48 of 51 people found the following review helpful
on June 22, 2004
THE GIFT OF FEAR: AND OTHER SURVIVAL SIGNALS THAT PROTECT US FROM VIOLENCE by Gavin de Becker is a helpful, engaging quick read (it's a trade paperback of around 380 pages). His premise is that fear is a means of survival and that if we listen to it and follow it, we can save our own and others' lives; however, for various reasons, we often discount our intuition about danger or we don't listen to our fear and put ourselves unnecessarily at risk.
The book begins with a "true crime" story about Kelly, a woman who was raped in her apartment by a man she met in her stairwell who offered to carry the groceries she had dropped up to her apartment. De Becker parses the incident and categorizes the methods the attacker employed to get her to do what he wanted and put herself under his control, and this section is very enlightening. But the main theme of this first chapter and the book is that men and women should follow their intuition -- intuition isn't some flighty, sixth sense; it's a call to action when your brain has become aware of many small signs that something isn't right, even if, at that moment, you cannot articulate exactly what is wrong.
This book is not a self-defense or how-to guide, but rather makes a case for intuition and believing in oneself when one senses danger or feels fear, and the best reading in it, I think, is the examples de Becker explicates from his many years in the security and risk-assessment business (he also lived through an exceedingly violent and abusive childhood). The chapters address being in the presence of danger, how intuition works and functions, the science of violence predictors, survival signals, violent crime from strangers, high-stakes predictions, understanding threats to kill, dealing with too-persistent people, violence in the workplace, domestic violence, dating abuses and violence, violent children, public figure attacks and pursuits and extreme cases.

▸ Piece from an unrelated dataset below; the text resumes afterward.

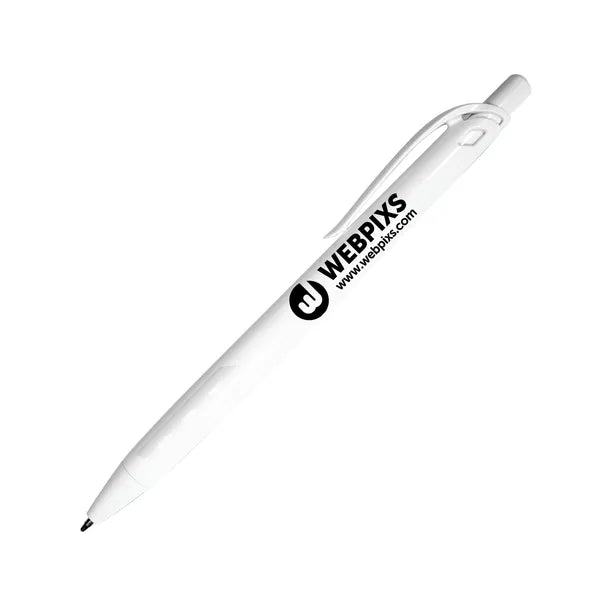 Merit Recycled Pen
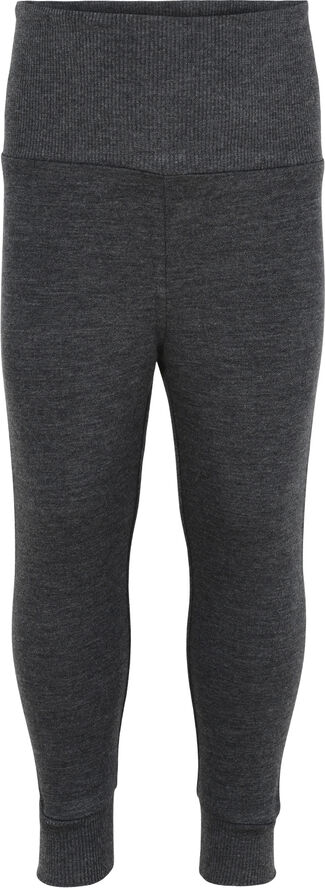 JBS JBS of DK Baby sweatpants Dark grey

I found several things particularly interesting and engaging about this book. First, de Becker states emphatically throughout the work that violence is predictable, and that no one ever "just snaps" or is just an inexplicably bad person. Second, his predictor of violence is a useful tool -- and I would think may be applicable in other assessment situations -- to make informed judgments on risk. Third, I got a great deal personally out of his comparisons of worry and anxiety with fear in which he suggest that the first two are destructive and distracting (and may prevent someone from spotting real danger signs), but that fear is what has saved many, many lives and could save your own. Fourth, his writing on people who are too persistent is very interesting, and he shows how people's attempts to deal with stalkers is often just going to keep the situation alive.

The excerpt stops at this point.